= EXERCISE REQUIREMENTS =
Each record that follows should be repeated exactly, minus any images.

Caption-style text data
/---

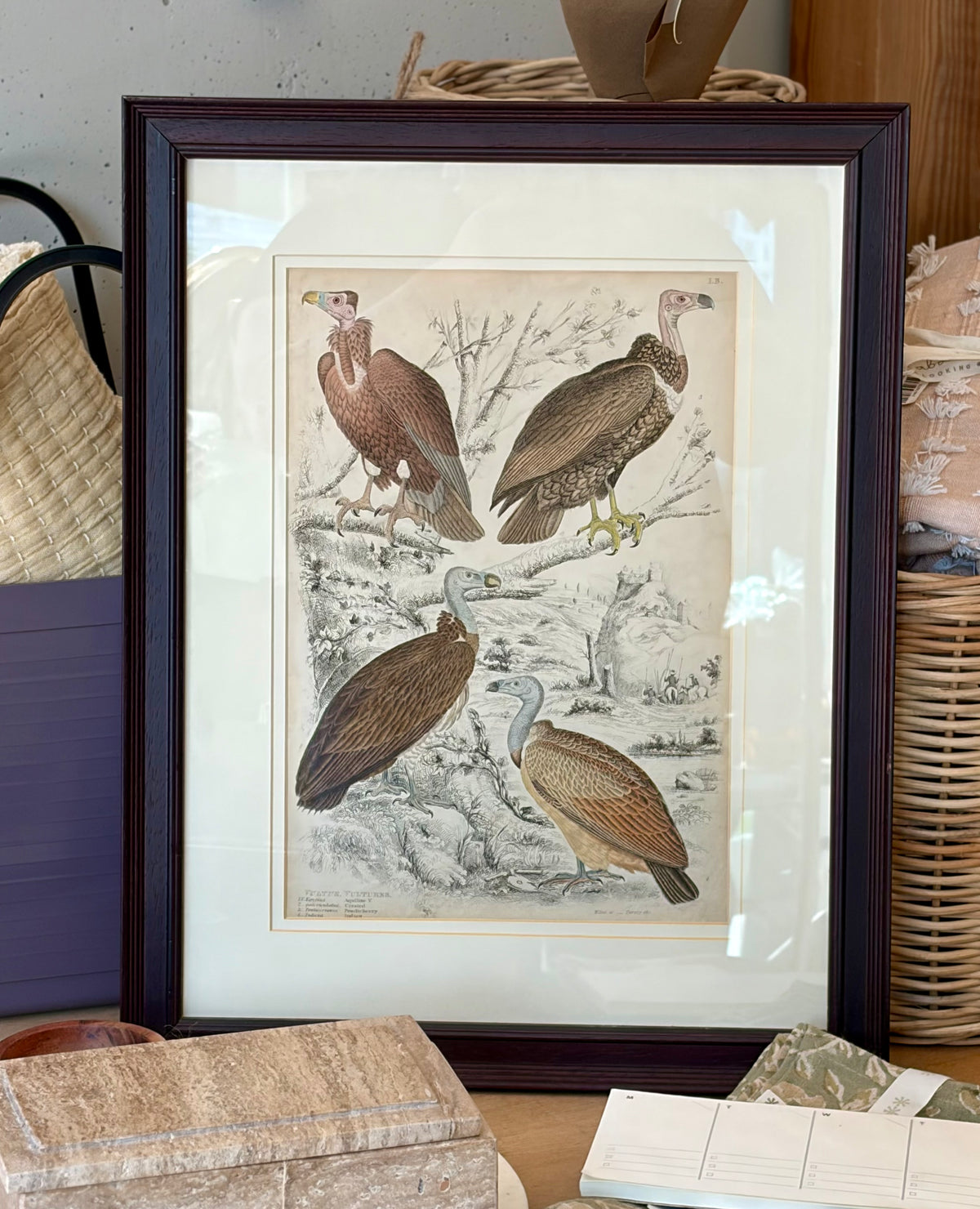 Heirloom Lithograph - 4 Vultures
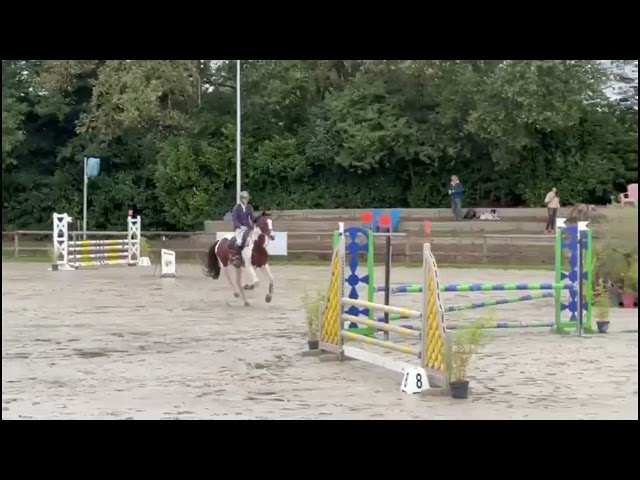 Mâle pie bai Famille 5*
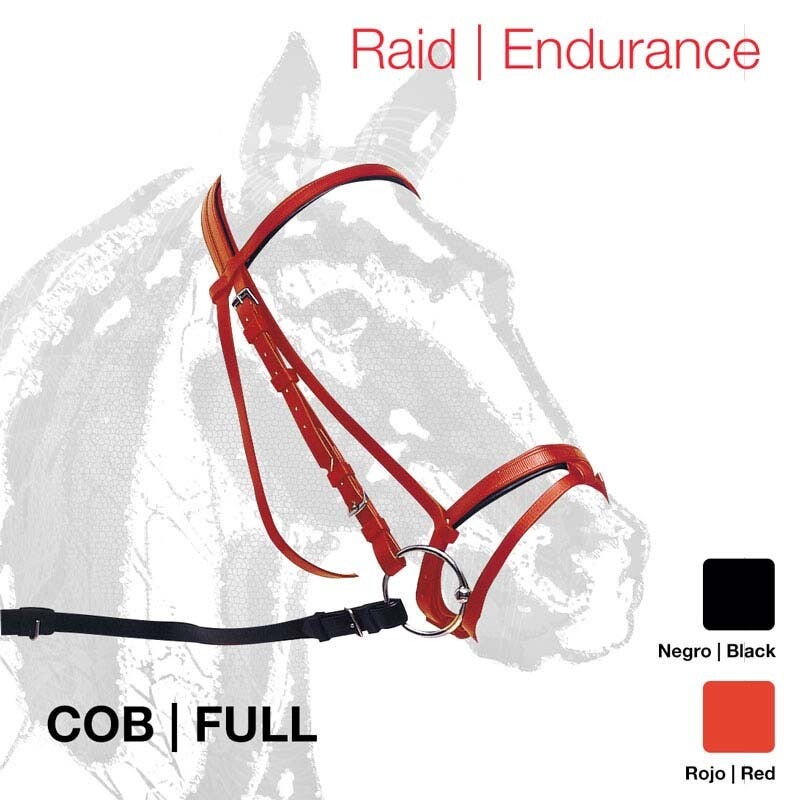 CABEZADA MONTAR RAID BIOTANE LR498222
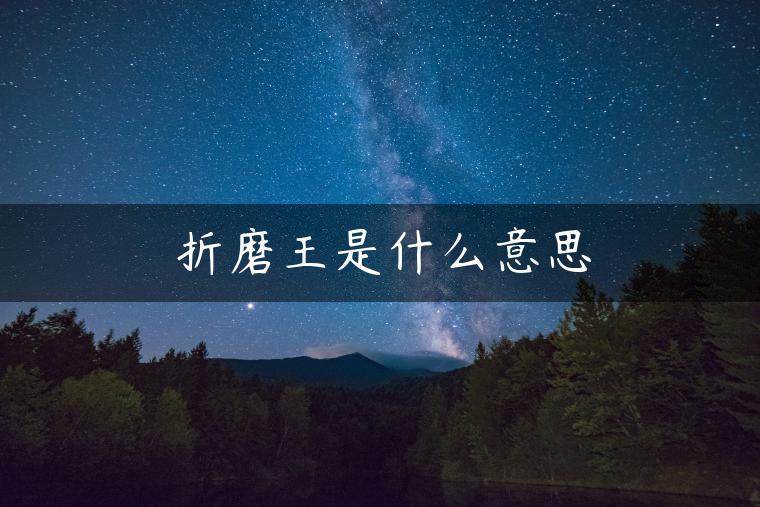 折磨王是什么意思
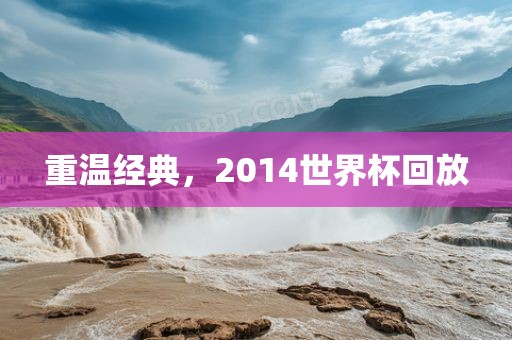 重温经典，2014世界杯回放眉山市正发家政服务有限公司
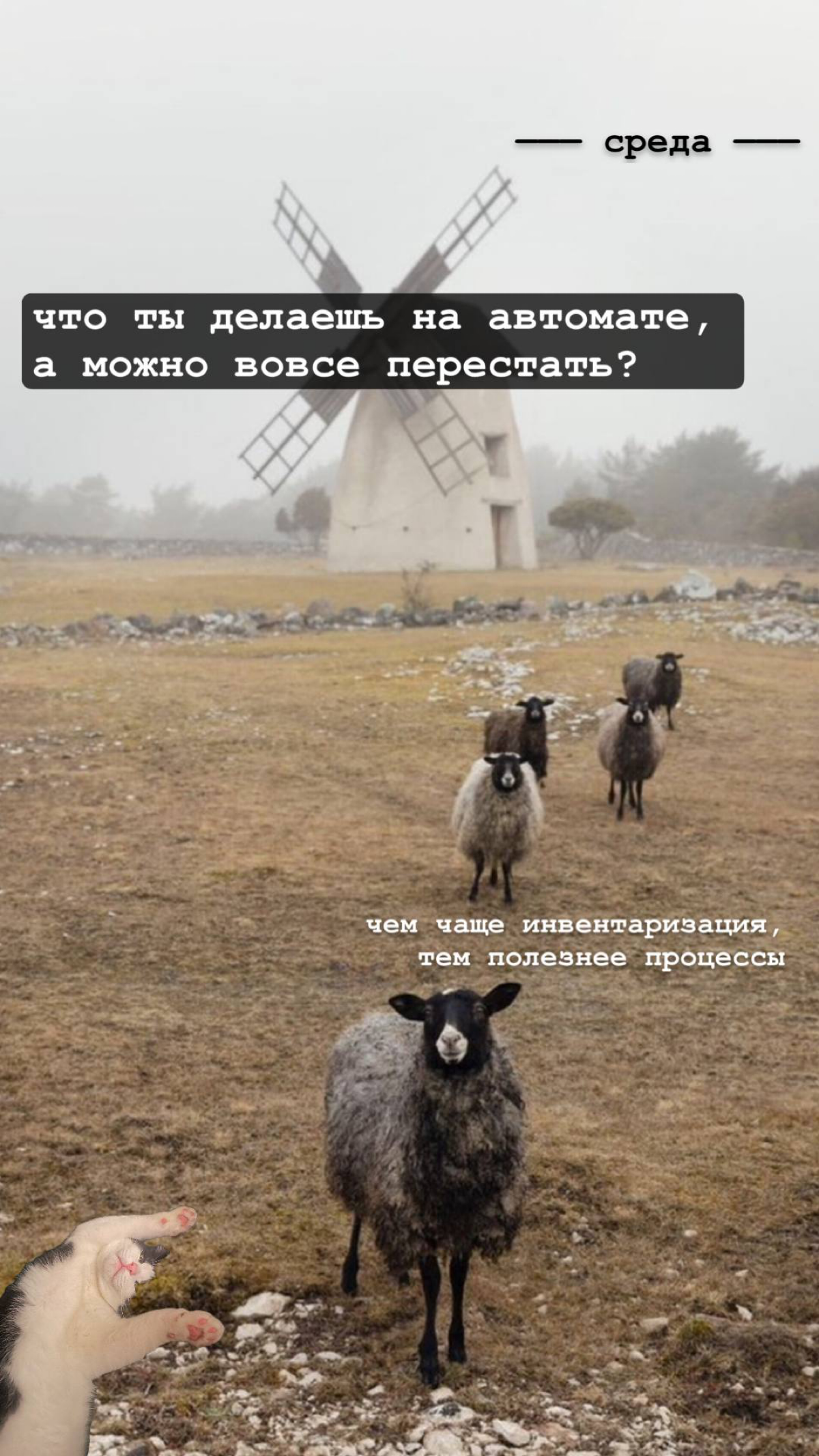 МЫСЛИ НЕДЕЛИ | Сетка — социальная сеть от hh.ru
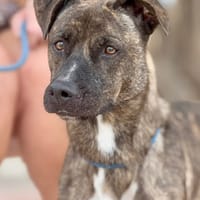 AVA (Maria), chienne à adopter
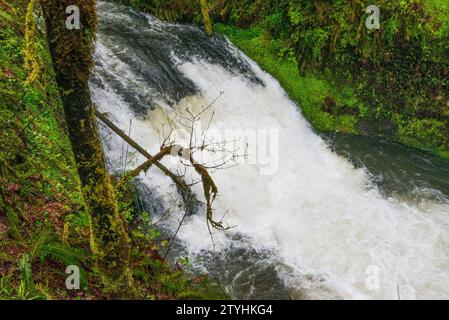 Drake Falls im Silver Falls State Park, dem größten State Park in Oregon, USA Stockfoto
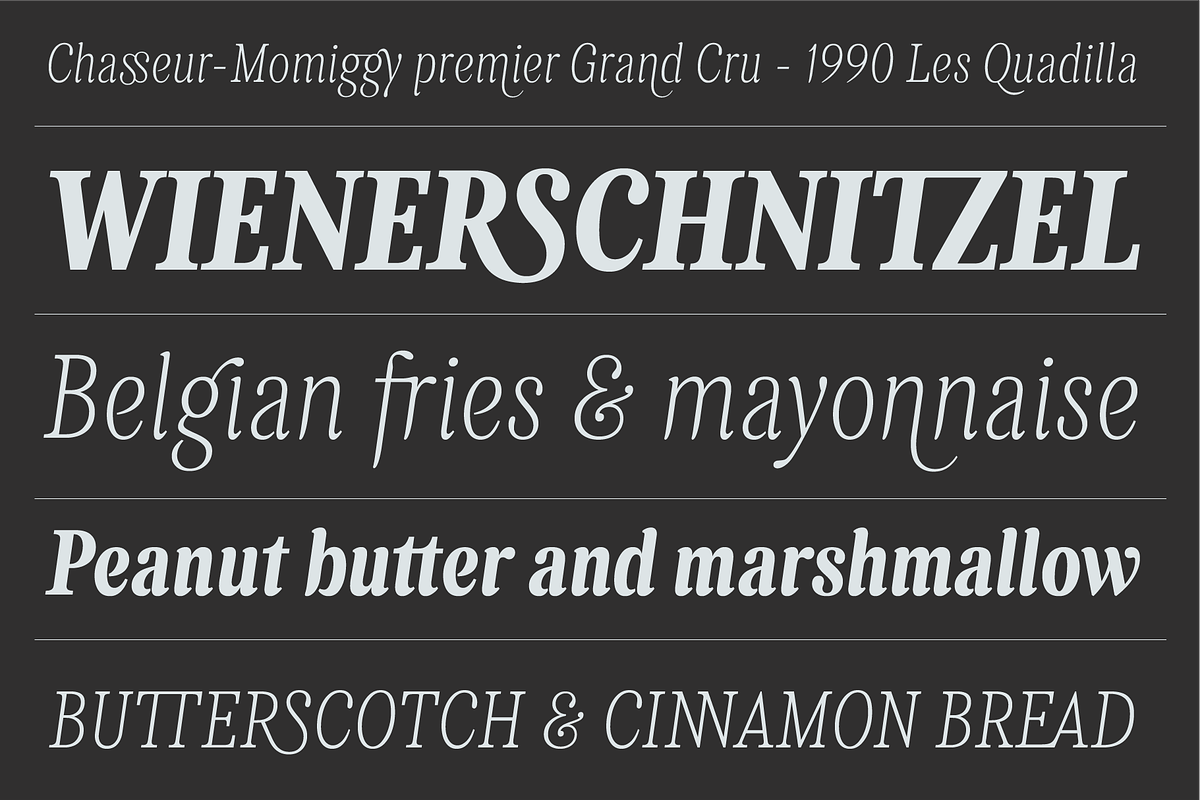 Levino Font Family, a Font by Punch (Photo 2 of 10)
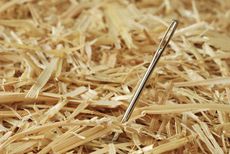 This man is spending 2 days searching for a needle in a haystack &mdash; for art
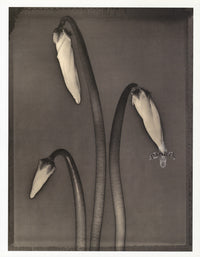 Tom Baril Flower Prints from Botanica Cyclamen - Panteek Antique Prints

\---

= ANSWER FOR THE TASK =
 Heirloom Lithograph - 4 Vultures
 Mâle pie bai Famille 5*
 CABEZADA MONTAR RAID BIOTANE LR498222
 折磨王是什么意思
 重温经典，2014世界杯回放眉山市正发家政服务有限公司
 МЫСЛИ НЕДЕЛИ | Сетка — социальная сеть от hh.ru
 AVA (Maria), chienne à adopter
 Drake Falls im Silver Falls State Park, dem größten State Park in Oregon, USA Stockfoto
 Levino Font Family, a Font by Punch (Photo 2 of 10)
 This man is spending 2 days searching for a needle in a haystack &mdash; for art
 Tom Baril Flower Prints from Botanica Cyclamen - Panteek Antique Prints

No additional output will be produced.